You can encrypt storage spaces. The data in encrypted storage spaces is unintelligible without the encryption key. Encrypting storage spaces is an effective way to protect sensitive information that is stored on disk.

You must have IBM® Global Security Kit (GSKit) installed to enable storage space encryption. GSKit is installed by default when you install the database server.

Before you can enable storage space encryption, you must use the onkstore utility to create a keystore file. There are several types of keystore files. A “local” keystore contains the key used by the database server for storage space encryption. An “AWS” keystore file contains credentials that are used to retrieve an encryption key from an Amazon Web Services account.

See The onkstore utility for information on creating and managing keystore files.

Once you have created and verified your keystore file, you enable storage space encryption by setting the DISK_ENCRYPTION configuration parameter and restarting the database server.

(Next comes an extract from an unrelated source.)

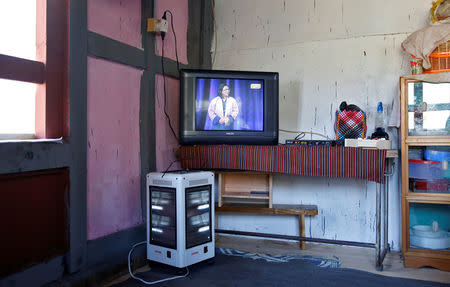 An electric heater and television sit in the corner of a traditional farmhouse in Punakha, Bhutan, December 13, 2017. REUTERS/Cathal McNaughton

The value of the DISK_ENCRYPTION parameter is a comma-separated list of attributes, one of which points to your keystore file. For example:
DISK_ENCRYPTION keystore=/work/ifmx/keystores/my_ks,cipher=aes192

See The DISK_ENCRYPTION configuration parameter for information on setting this important value correctly.

Each storage space is encrypted separately with its own encryption key. By default, the encryption cipher is set to AES with 128-bit keys. You can specify a stronger encryption key by including the cipher option in the DISK_ENCRYPTION configuration parameter value.

Any storage space that you create when storage space encryption is enabled is automatically encrypted, unless you explicitly specify to create it as unencrypted. If you initialize a new database server before setting the DISK_ENCRYPTION configuration parameter, the root dbspace is not encrypted. You can, however, encrypt unencrypted storage spaces, including the root dbspace, by running a restore that encrypts the spaces.

Keystore Files May Be Shared

Once you have a valid keystore file, whether a local or network type, it can be used with any number of IDS instances. You are not required to create a new keystore file for an HDR secondary, for example. It can utilize a copy of the keystore file (along with any associated stash file) from the primary, or an entirely different keystore file. There is no forced connection between the encryption keys used for a primary node and HDR or RSS secondaries. However, an SDS secondary must use the same keystore file used by its primary, since they are reading from the same disk. That file may be a duplicate or the same inode, as long as the contents are identical between the file used by the primary and the one used by the SDS secondary.